Goal of the exercise - Return the data below unchanged, without images.

Records shown -
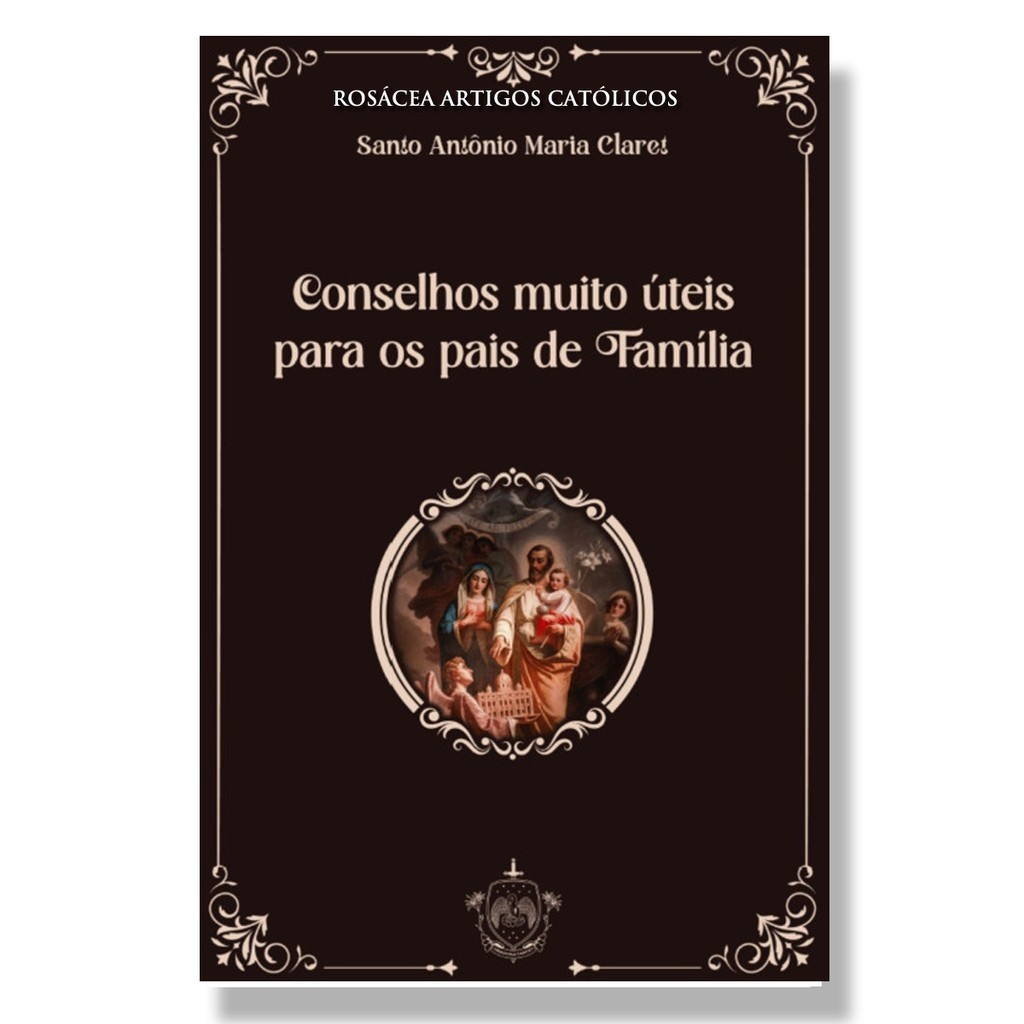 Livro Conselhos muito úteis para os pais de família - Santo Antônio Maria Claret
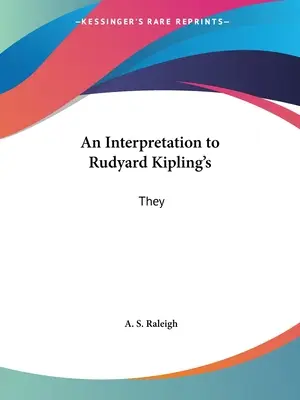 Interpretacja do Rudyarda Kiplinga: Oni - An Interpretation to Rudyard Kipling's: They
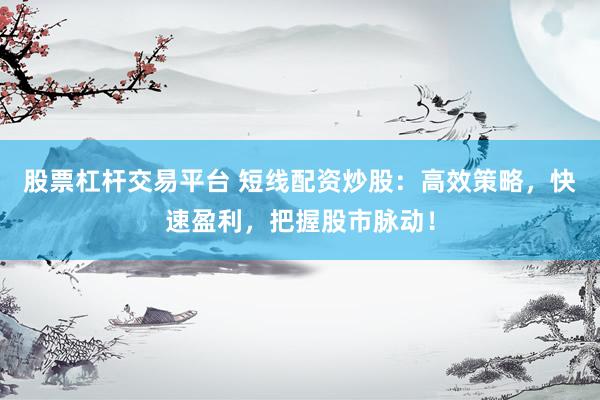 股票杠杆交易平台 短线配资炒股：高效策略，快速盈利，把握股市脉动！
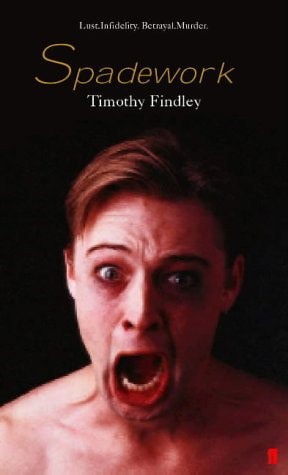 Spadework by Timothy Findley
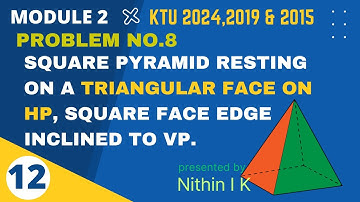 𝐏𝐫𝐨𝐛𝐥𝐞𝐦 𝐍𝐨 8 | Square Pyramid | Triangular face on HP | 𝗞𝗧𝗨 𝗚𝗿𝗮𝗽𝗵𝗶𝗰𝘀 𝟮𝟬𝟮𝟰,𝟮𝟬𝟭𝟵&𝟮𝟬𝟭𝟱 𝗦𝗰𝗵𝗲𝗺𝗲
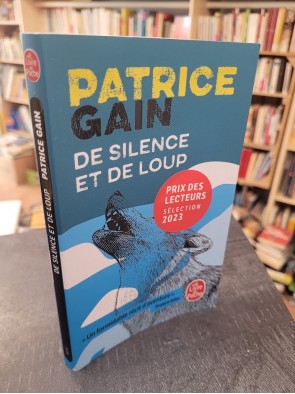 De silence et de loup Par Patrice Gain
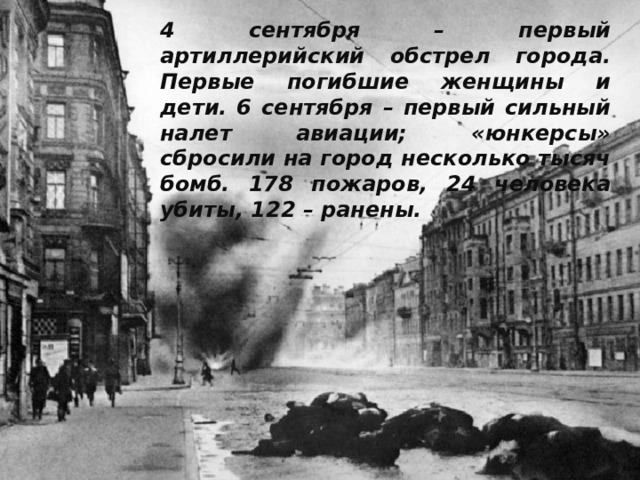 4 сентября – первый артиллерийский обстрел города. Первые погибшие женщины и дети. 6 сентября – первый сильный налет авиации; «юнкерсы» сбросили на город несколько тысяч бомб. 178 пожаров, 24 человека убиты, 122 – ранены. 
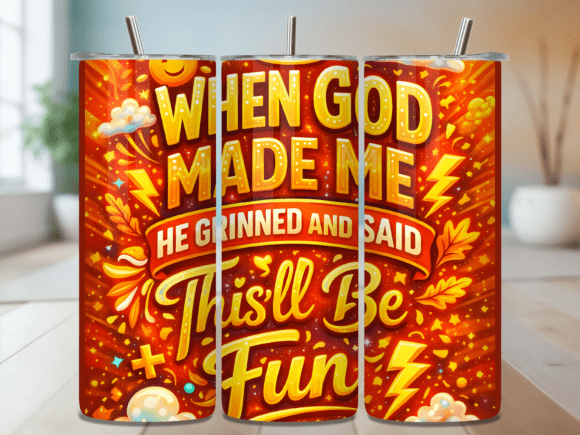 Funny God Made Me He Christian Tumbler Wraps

Output of the task -
 Livro Conselhos muito úteis para os pais de família - Santo Antônio Maria Claret
 Interpretacja do Rudyarda Kiplinga: Oni - An Interpretation to Rudyard Kipling's: They
 股票杠杆交易平台 短线配资炒股：高效策略，快速盈利，把握股市脉动！
 Spadework by Timothy Findley
 𝐏𝐫𝐨𝐛𝐥𝐞𝐦 𝐍𝐨 8 | Square Pyramid | Triangular face on HP | 𝗞𝗧𝗨 𝗚𝗿𝗮𝗽𝗵𝗶𝗰𝘀 𝟮𝟬𝟮𝟰,𝟮𝟬𝟭𝟵&𝟮𝟬𝟭𝟱 𝗦𝗰𝗵𝗲𝗺𝗲
 De silence et de loup Par Patrice Gain
 4 сентября – первый артиллерийский обстрел города. Первые погибшие женщины и дети. 6 сентября – первый сильный налет авиации; «юнкерсы» сбросили на город несколько тысяч бомб. 178 пожаров, 24 человека убиты, 122 – ранены. 
 Funny God Made Me He Christian Tumbler Wraps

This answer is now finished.